What 100 Simulated Offspring Actually Means
One of the more unusual things in a Genomisaur family report is offspring simulation. Instead of giving you a single guess about what traits your children might have, we simulate 100 possible children and show you the distribution. The reasoning is below, along with how the simulation actually works.
How Reproduction Works (Genetically)
Every child inherits roughly half their DNA from each parent. Which half is not the same every time. During the formation of egg and sperm cells, a process called recombination shuffles each parent's DNA, creating a unique combination for each reproductive cell. This is why siblings — who share the same parents — can be so different.
On top of recombination, which of the two copies of each chromosome a parent passes on is random (independent assortment). Each child receives a unique hand of cards dealt from both parents.
Why We Simulate 100 Children
Because inheritance is probabilistic, a single prediction ("your child will have brown eyes") is misleading. The reality is closer to "your children have a 60% chance of brown, 30% green, and 10% blue." The only way to capture that distribution is to simulate many possible outcomes.
Our pipeline takes both parents' genetic data and simulates the process of recombination and independent assortment 100 times, creating 100 hypothetical offspring genomes. Each simulated child has a complete genotype that we can analyze just like a real person's DNA.
We then calculate trait predictions and health risk scores for all 100 simulated children, giving you a distribution of outcomes rather than a single guess.
How to Read the Distribution Charts
For each trait and health condition in your family report, you'll see a distribution showing the range of outcomes across all 100 simulated offspring.

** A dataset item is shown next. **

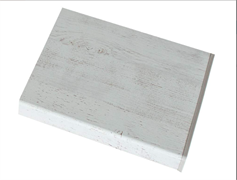 Подоконник ПВХ 200Х1300 ламинированный белый (шагрень) 00-00000324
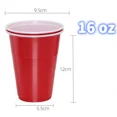 thumbnail image 3 of 50pcs Disposable Plastic Cups Everyday Use Sturdy Plastic Party Cups For All Occasions Available In Many Color Party Supplies Blue 50pcs, 3 of 6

For categorical traits like eye color, the chart is a bar chart showing how many of the 100 simulated children are predicted to have each color. If 62 out of 100 simulated children have brown eyes, that's roughly a 62% probability.
For continuous traits like height, you'll see a histogram showing the spread of predicted values. The range tells you the realistic boundaries; the peak tells you the most likely outcome.
For health risk scores, the chart shows how the PRS percentiles distribute across simulated offspring. Some children may inherit higher predisposition than others for the same condition, and the distribution makes that range visible.
What the Simulation Can and Can't Tell You
The simulation models genetic inheritance accurately — how DNA is shuffled and passed down. It works well for traits that are primarily determined by common genetic variants (eye color, hair color, many health risk scores).
It has limits. Environmental factors aren't modeled, so a child's actual height also depends on nutrition and health during childhood. Rare de novo mutations (new mutations that arise spontaneously) aren't captured either, since we work from the parents' existing variants.
The simulation shows you the genetic possibilities. How those possibilities play out also depends on life experience.
Why This Matters for Family Planning
Seeing a distribution of outcomes is more honest, and more useful, than a single prediction. It lets you and your partner have informed conversations about what your future children might inherit, particularly when combined with carrier screening. If both parents are carriers for a recessive condition, the simulation shows exactly how that plays out across 100 possible children.